Start of Dataset excerpt

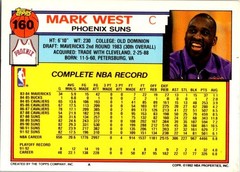 Mark West Topps Circle K Phoenix Suns Stickers NNO LP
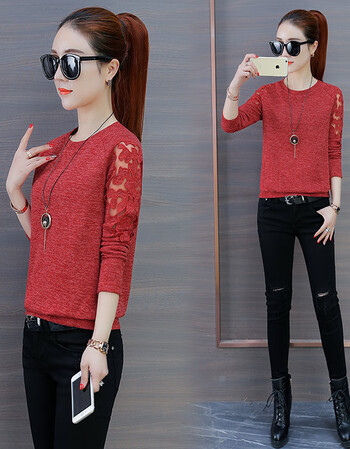 打底衫女秋天上衣新款潮2018秋季韩版长袖t恤女百搭宽松衣服 深红色 m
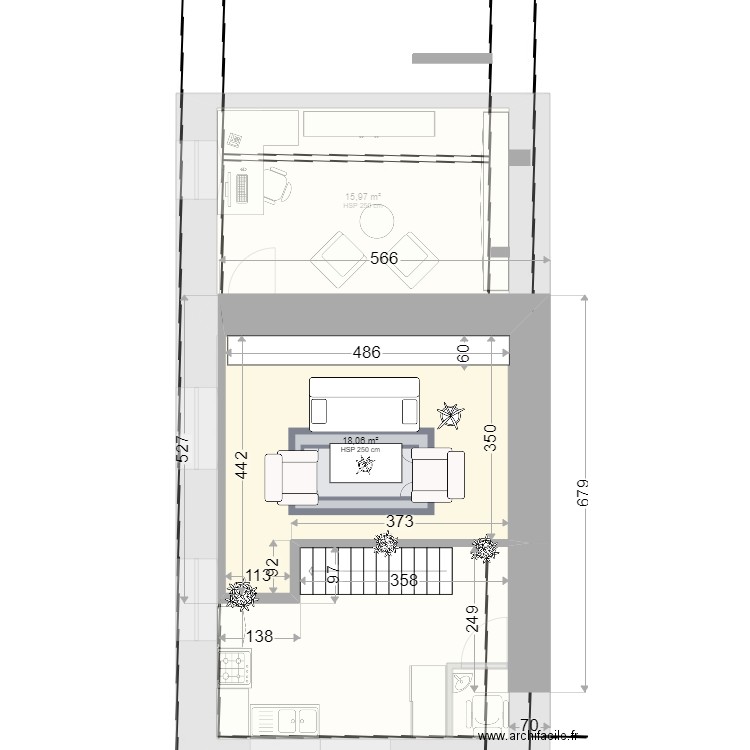 V1_longère-escalier milieu2. Plan de 0 pièce et 0 m2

End of Dataset excerpt

**Instructions for the task**
The reply should consist of the listing restated word for word, with its pictures removed.

**Response area**
 Mark West Topps Circle K Phoenix Suns Stickers NNO LP
 打底衫女秋天上衣新款潮2018秋季韩版长袖t恤女百搭宽松衣服 深红色 m
 V1_longère-escalier milieu2. Plan de 0 pièce et 0 m2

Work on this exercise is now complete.